La globalización parecía imparable hasta
que fue detenida (en retrospectiva, no podía ser de otra forma), justo allí en
donde nació: en el Reino Unido y en los Estados Unidos, en donde sendos
movimientos populistas de derecha dieron voz al malestar creado por la
globalización entre la población que ha sufrido los costos de la misma y están
deteniendo de manera embarazosa la marcha de dicho proceso justo en su centro
geográfico-económico.
El malestar de la globalización estalló
justo en el epicentro y por eso es irónico que uno de los implantes más reacios
del liberalismo y la globalización: Francia, haya decidido este domingo con su
voto, confirmar la marcha del proceso detenido en el mundo anglosajón,
asignando una victoria resonante a Emmanuel Macron, el político más liberal del
mundo occidental quizá desde Reagan-Tatcher.
En Francia el liberalismo y la
globalización fueron vistos siempre con recelo. De cultura napoleónica, grandes
burócratas y creyentes firmes en el rol estatal en la economía, a los franceses
no se les da el liberalismo y a pesar de poseer una cauda de trasnacionales de
primera línea, la globalización fue aceptada siempre con resquemor y envidia a
los anglosajones. Es irónico entonces que sea Francia en donde se defienda
ahora al liberalismo y la globalización tras la claudicación del Reino Unido
(con el brexit), y los Estados Unidos (con el impresentable aislacionista Donald
Trump) a seguir abanderando dicha causa. ¿O lo es?
El ascenso de Macron a la presidencia
francesa tiene dos componentes: uno común y otro particular a Francia.
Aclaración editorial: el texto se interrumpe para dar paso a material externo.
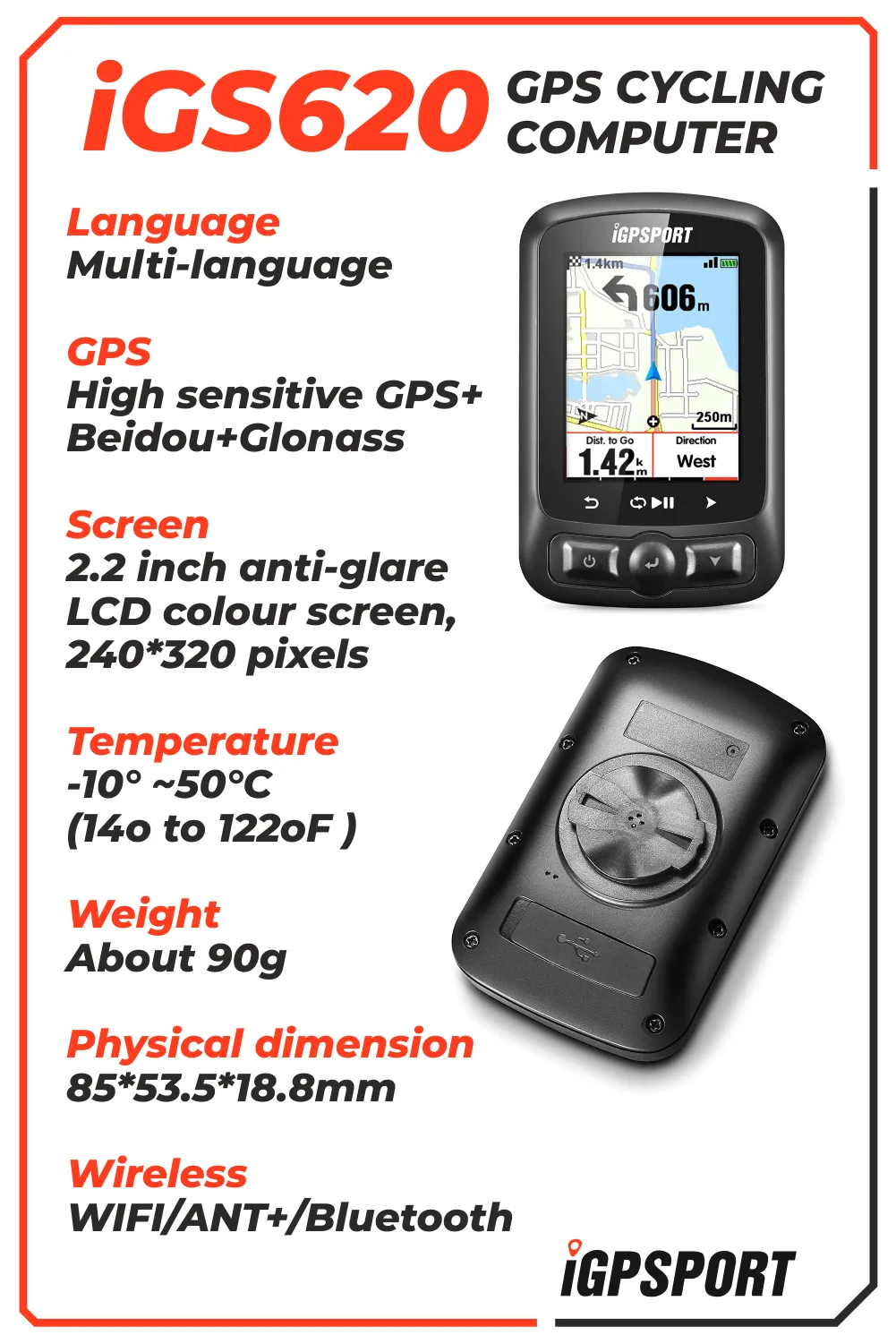 iGPSPORT iGS620 GPS Cycling Computer with Wearable4U Bundle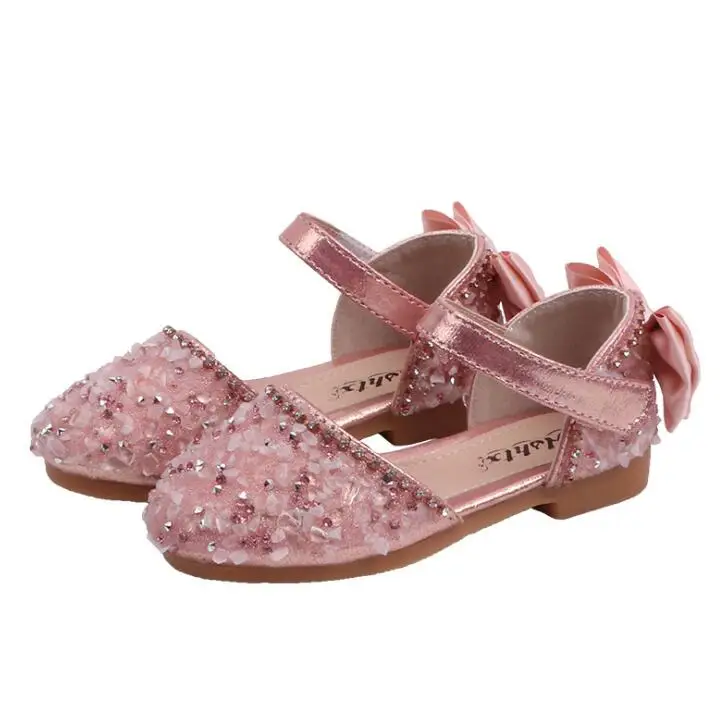 Популярные летние детские повседневные сандалии кожаные туфли принцессы на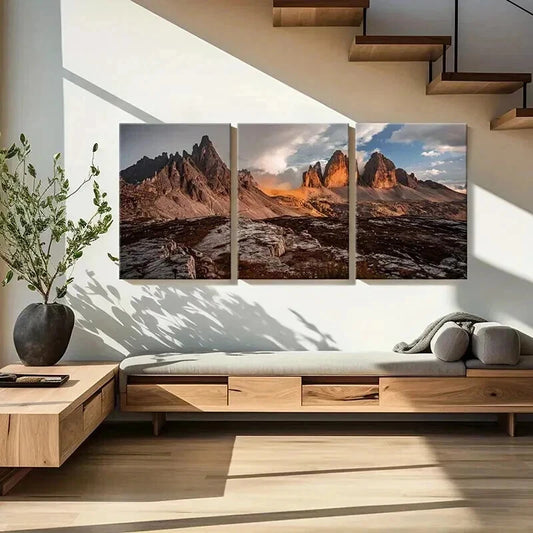 3pcs Sunset & Rocky Mountain Landscape Wall Art Set Canvas Framed 40x60cm - High Quality Print 100% Australian Made Wall Canvas Ready to Hang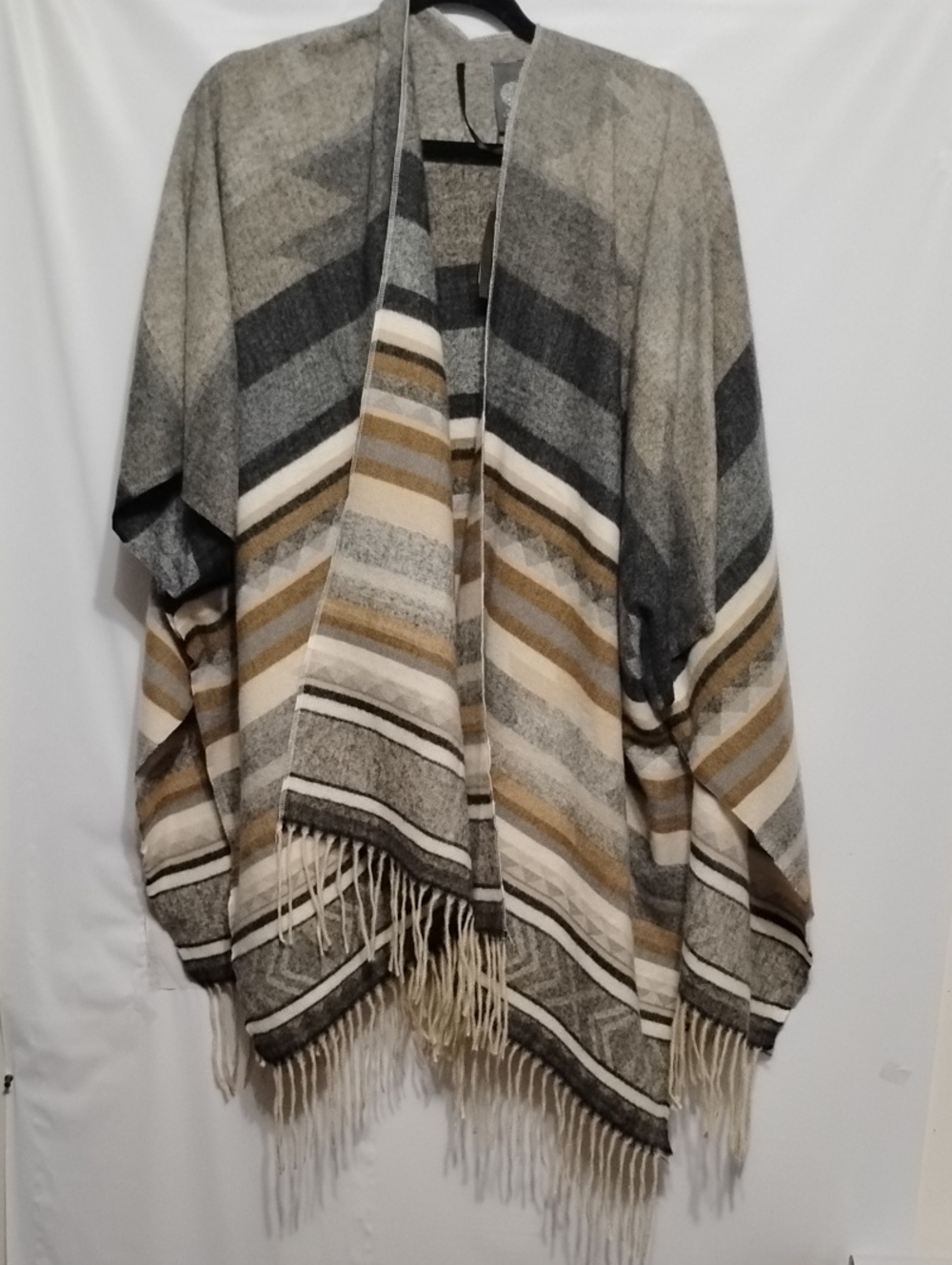 Vince Camuto Aztec Print Fringe Gray,‎ Cream & Brown Striped  Ruana Cape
El común
es el hartazgo de los votantes a los partidos tradicionales, y en Francia esto
significa los gaullistas, los socialistas, pero también loa comunistas (de allí
el error histórico de Melénchon). Emmanuel Macron supuso una figura fresca,
ajena al estatus quo institucional que tuvo la habilidad de romper el molde de
la quinta república. En eso radica su visión: leer el hartazgo existente.
Y es justo allí en donde reside la
particularidad francesa. Si, los franceses, como muchos otros, están hartos del
fracaso de la globalización para los muchos y su éxito para los pocos. Están
hartos, pero no locos. No están tan hartos como para abrazar al nazismo que
significó casi la desaparición de su nación hace apenas setenta años. Su
hartazgo, por mayúsculo que sea, no implica su auto destrucción. Y eso supo
también leerlo Macron. Cuando los comunistas le pidieron abandonar su idea de
flexibilizar el mercado laboral a cambio de su apoyo en la segunda vuelta,
Macron se negó: sabe que incluso los comunistas se resignarán a cualquier
alternativa antes que a los nazis.
¿Será suficiente la habilidad y sagacidad
mostrada por Macron para hacer que Francia, aquejada por décadas de crecimiento
paupérrimo, vuelva a crecer y a encontrar la joie de vivre? Se ve difícil. Pero esperemos con resignación. La
garra nazi ha sido detenida por los franceses, y la república se ha preservado.
Pero quizá sea la última oportunidad.